Starting with the line where "4ps for Great" appears, print every line through the end of the entries below exactly as it stands, and leave out the pictures.

*** Data listing Section Begins ***

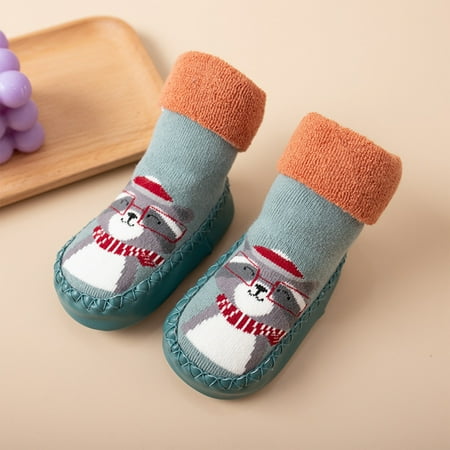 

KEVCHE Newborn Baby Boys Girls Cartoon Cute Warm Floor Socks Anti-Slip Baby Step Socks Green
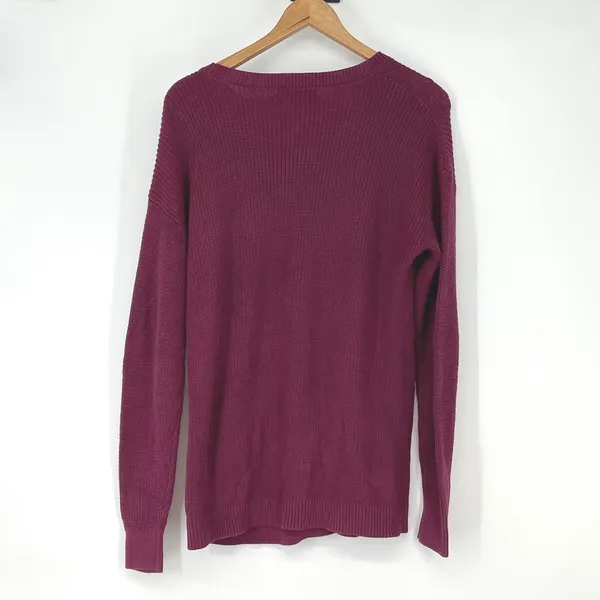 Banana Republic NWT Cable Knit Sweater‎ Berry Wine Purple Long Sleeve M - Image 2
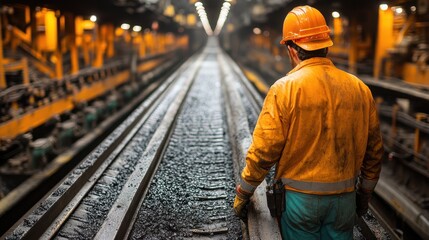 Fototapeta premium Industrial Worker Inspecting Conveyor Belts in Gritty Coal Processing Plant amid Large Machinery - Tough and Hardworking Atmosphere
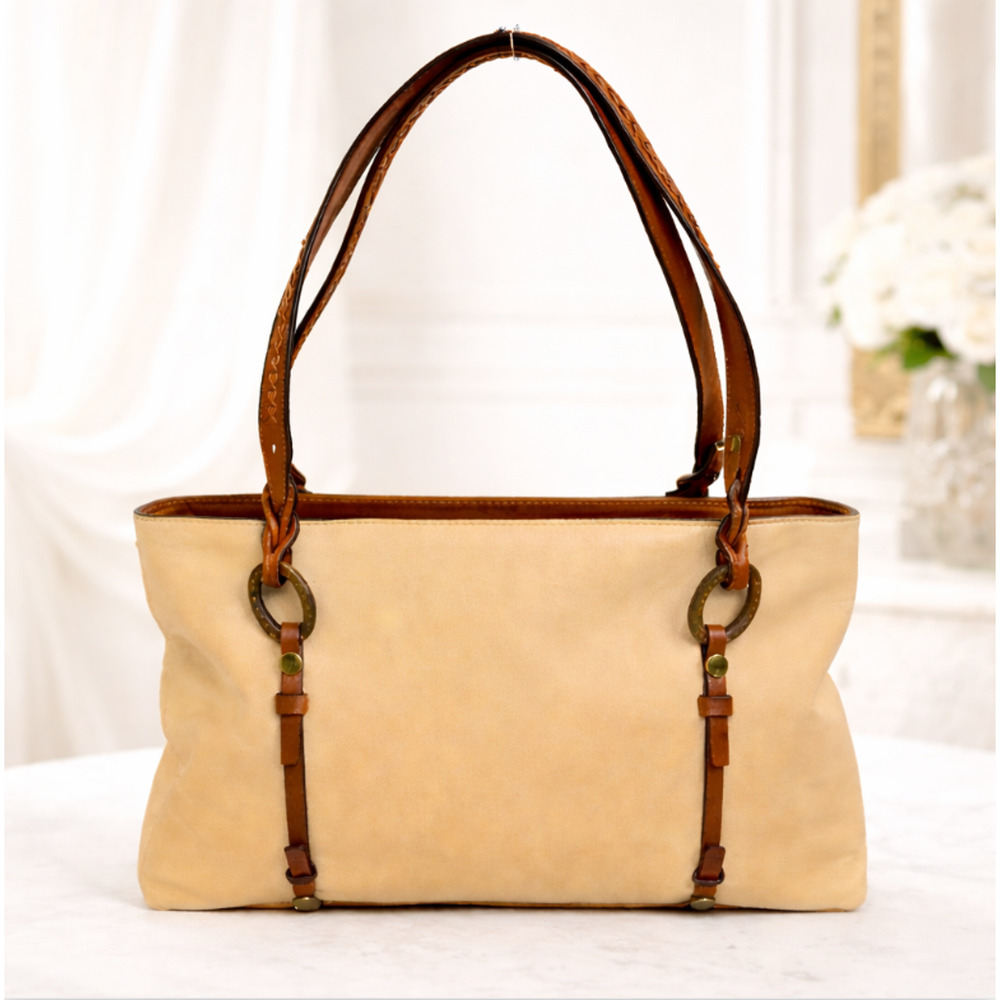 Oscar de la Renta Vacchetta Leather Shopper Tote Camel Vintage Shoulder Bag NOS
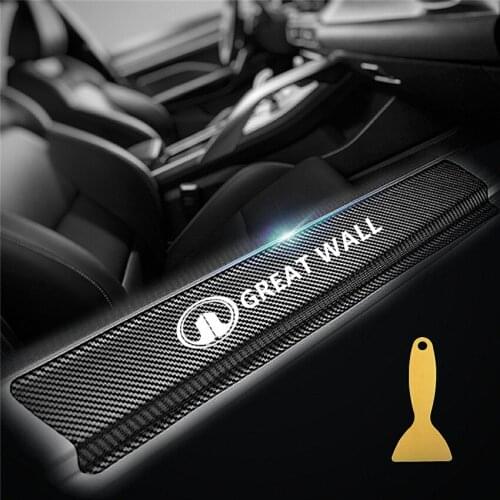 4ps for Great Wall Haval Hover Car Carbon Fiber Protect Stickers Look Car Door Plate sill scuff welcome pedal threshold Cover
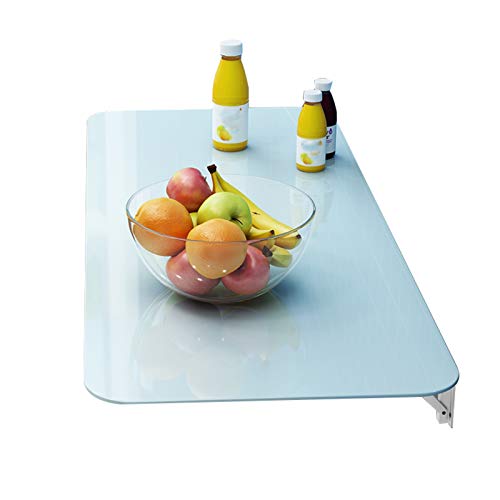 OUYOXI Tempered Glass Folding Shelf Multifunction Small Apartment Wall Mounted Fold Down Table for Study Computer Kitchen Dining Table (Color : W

*** Data listing Section Ends ***

* _Output for this task_
 4ps for Great Wall Haval Hover Car Carbon Fiber Protect Stickers Look Car Door Plate sill scuff welcome pedal threshold Cover
 OUYOXI Tempered Glass Folding Shelf Multifunction Small Apartment Wall Mounted Fold Down Table for Study Computer Kitchen Dining Table (Color : W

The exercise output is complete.